Tagged as: Cheating, Dating, Three is a crowd, Troubled relationships<< Previous question   Next question >>
Question - (29 May 2010) 4 Answers - (Newest, 30 May 2010)
A female United States age 36-40, *ewbeauty25 writes:

I have been with my boyfriend for 6 months and I noticed he was acting strange. He stated that he had to have a meeting with his cousin for their new business in jersey. He tried to leave me to go to new jersey on my birthday... to have a "business meeting!" I felt uneasy. He had his phone with him and I snatched it out of his hand to look at it. He tried to get it back but by that time it was too late. I read a text message saying "babe can you make sure to bring a bottle of liquor with you. He text back k ". Then he must have said to her he couldn't make it. she replied back "its okay babe sometimes things dont always work out the way we want".

I grabbed my belongings in his house and proceeded to leave. He held the door to help me out. I said oh I see, you just gonna let me go huh.. that's when he stopped me. I said call her up and prove to me this isn't true. He said no, he didn't have to prove anything to anyone, he'll let me meet her. I forgave him, after two weeks he called me. I took him back and he stated that he will remove her from his phone to make me feel better and he informed me he will no longer deal with her and let her know that he is getting close with some one else.

Three months later I have yet to meet her. I've stopped seeing the girl's name in his phone but there is a new one that keeps appearing therefore I confronted him about it.
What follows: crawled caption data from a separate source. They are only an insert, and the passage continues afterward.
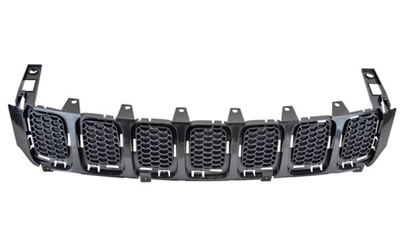 Решетка радиатора AVTM Jeep Compass 16-21 внутречерная черная Джип Компас АМ0052108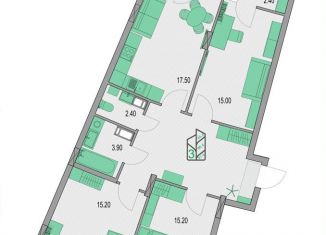 3-ком. квартира на продажу, 91.4 м2, Нижний Новгород, метро Двигатель Революции, проспект Гагарина, 144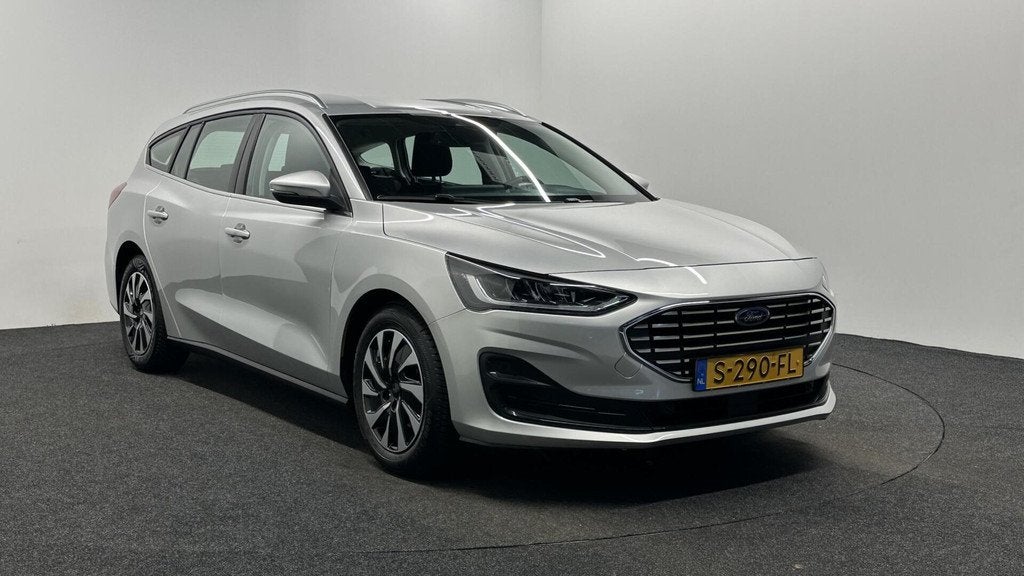 Ford Focus Wagon 1.0 EcoBoost Hybrid Titanium X Business CAR, Auto's, Stof, Gebruikt, Origineel Nederlands, Handgeschakeld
He states to me that the new girl with a diffent name in his cell phone is actually the same girl, I grab my things to leave again.. felt like he lied. He stops me again and says" is this it, this is how its gonna be. "I don't want to lose you" I forgive him again.

This same female is on facebook and they are friends on facebook. I'd asked him a million times if you cut strings off with this girl, why do you need her as you friend on facebook? He said the same reason you still are friends with your exes on fb.. I left it alone again till recently. I check facebook and look at his page because he's away and i miss him. To look at some pictures of him. I left a comment on one picture and the next day he DELETED his entire facebook account. WHAT!!! I called him and emailed him. I felt like I was being avoided so I sent the female a message asking if they're seeing each other she responded by saying they are no longer in a relationship but they remain close friends. She kept beating around the bush and I asked her are they still having sex with each other. She stated that they broke up a month before we got together and they got back that a few after that and she thought that he was only having sex with her and she stated that he is just him and we are not the only ones and to trust that ..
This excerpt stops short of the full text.